Em relatório divulgado em julho deste ano, afirma o investigador do Centro de Estudos e Investigação Científica da Universidade Católica de Angola, a projeção de crescimento económico do país estava à volta de 2%. Contudo, Alves da Rocha admite que se uma nova análise fosse feita agora, a previsão para o fim deste ano seria bem menor. "Mas não estamos a admitir que o crescimento seja 0% este ano”, ressalta.
Para 2017, o economista diz que a projeção pode chegar a 0%, "dependendo da produção do petróleo e dos problemas financeiros das companhias petrolíferas estrangeiras que estão em Angola”. "O que nós admitimos para 2017, 2018 e 2019 é que o setor do petróleo cresça a uma taxa de 0%. Mas temos outros setores, e portanto não é lícito dizer que a taxa deste ano será de zero porcento”, acrescenta.
Crise financeira e investimentos
De acordo com o economista, a crise financeira do país pode se agravar ainda mais devido às reformas económicas necessárias que foram deixadas de lado.
"Nós não fizemos reformas que devíamos ter feito, no tempo em que devíamos ter feito, e no tempo em que essas reformas seriam, sobretudo, mais baratas, menos sacrificantes para a população. Nós não fizemos. Ou não fizemos as mais essenciais. E por isso a dinâmica de investimentos da economia angolana tem vindo a diminuir. Isto é um fato”.
A estimativa da Fitch reduziu a avaliação de Angola no mercado financeiro internacional. O país agora, segundo esta avaliação, é classificado como B – ou "lixo”. Manuel Alves da Rocha critica esta classficação e alerta que a avaliação negativa deve retrair ainda mais os investimentos estrangeiros em Angola.

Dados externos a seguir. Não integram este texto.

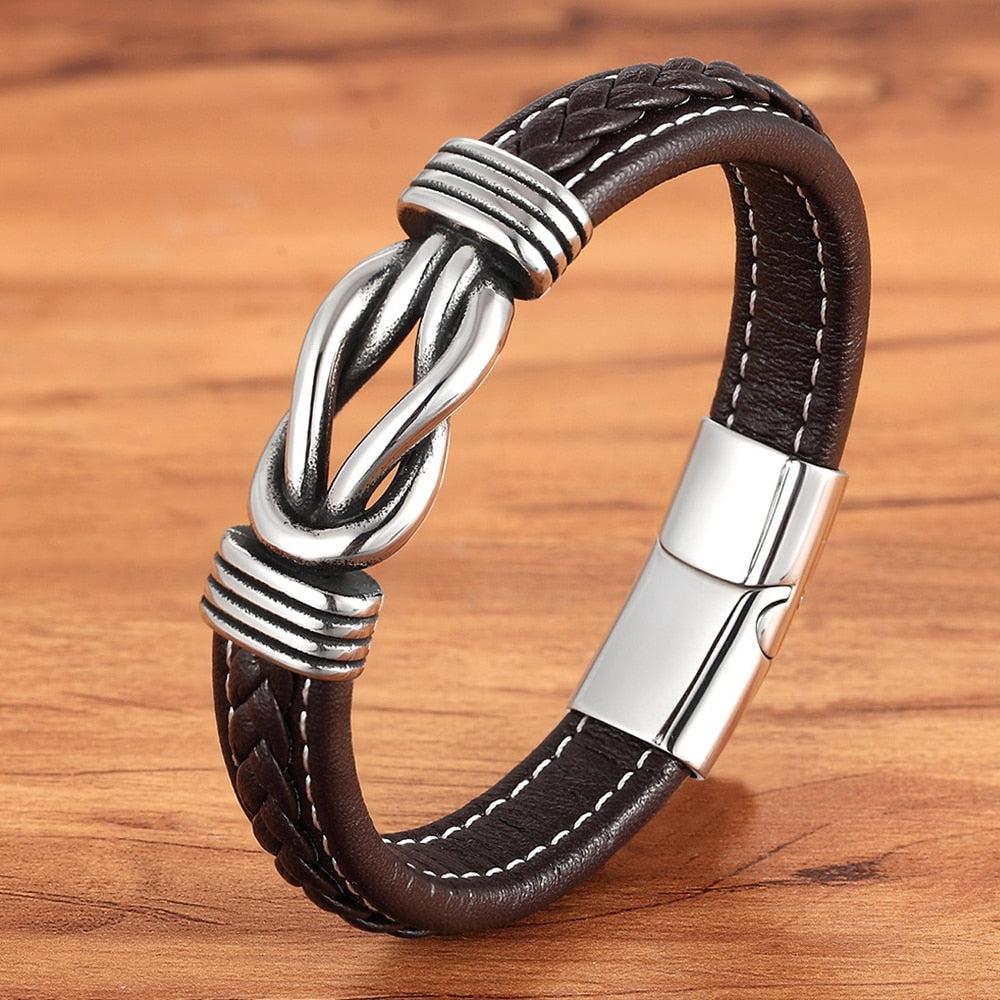 Fashion Deluxe Irregular Graphic Accessories Men's Leather Bracelet Stainless Steel Combination for Birthday Commemorative Gifts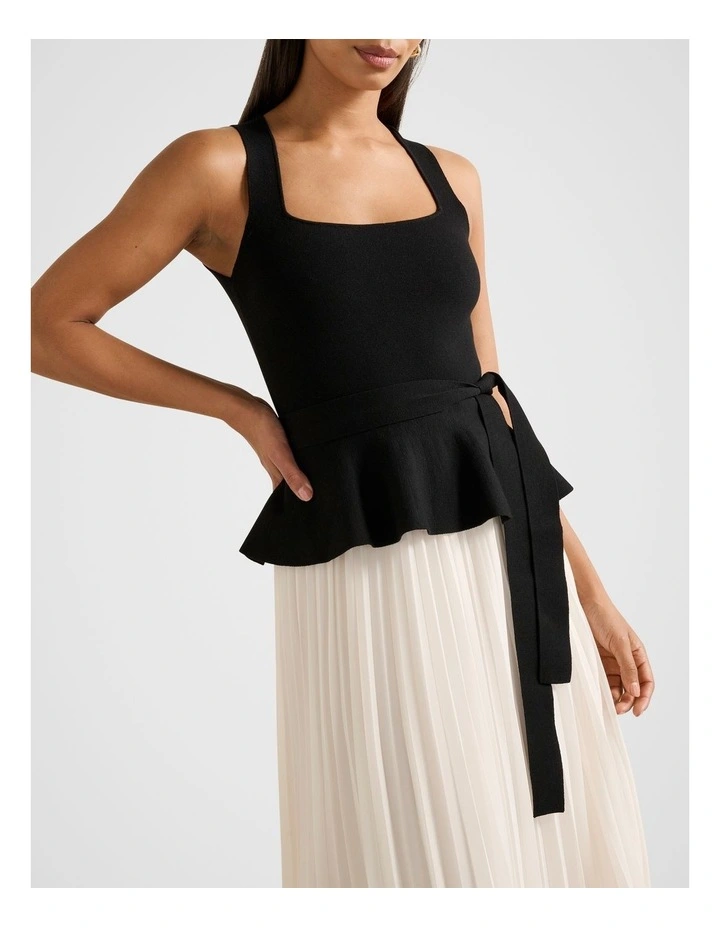 Peony Pleated Mixed Dress in Multi image 4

"A Fitch, ao divulgar essas informações, já baixou o índice de classificação de Angola. E o que vai acontecer é que, como os investidores privados estrangeiros guiam-se muito por essas classificações, e o investimento estrangeiro em Angola, que já não estava a ser de grande monta este ano, vai se retrair e simultaneamente as taxas de juro no mercado estrangeiro sobem, o que vai contribuir para agravar a situação económica e financeira do país”.
Segundo o especilista angolano, os investimentos asiáticos em Angola são uma saída para a falta de outros investidores estrangeiros no país.
"Muitas vezes critica-se a dependência desses países africanos dos investimentos da China, mas é que às vezes o ocidente e essas agências não nos deixam outras alternativas. E como os países africanos necessitam realmente de fazer investimento nas infraestruturas para promover a diversificação económica do continente, naturalmente que os dirigientes africanos – como há estas barreiras levantadas por agências como a Fitch – recorrem a quem estiver mais perto e a quem estiver disposto a financiar o crescimento económico de África em outras condições. É o caso da China, da Índia, do Japão”.
Baixo crescimento económico até 2020
A estimativa da Fitch é que o crescimento de Angola não ultrapasse 4% até o final desta década. Alves da Rocha concorda com esta projeção e diz que a informação coincide com as análises que realiza no centro de investigação.
"Estas projeções até o final da década coincidem com as nossas projeções. Nós também estimamos que até 2020 a intensidade de crescimento em Angola diminua justamente para uma média anual em torno dos 3 ou 3,5%. É uma taxa de crescimento muito baixa, entendendo as inúmeras dificuldades que a nossa população tem em termos de condições de vida”.
Na segunda metade do mês de outubro, uma missão do FMI deverá chegar a Luanda, com objetivo de verificar as contas do país. O economista diz que vai aguardar as estimativas dos agentes: "o FMI está alinhado com as nossas previsões de 3% ou 3,5% até 2020. Agora vamos ver se o FMI vai alterar essas previsões relativamrnte à Angola”.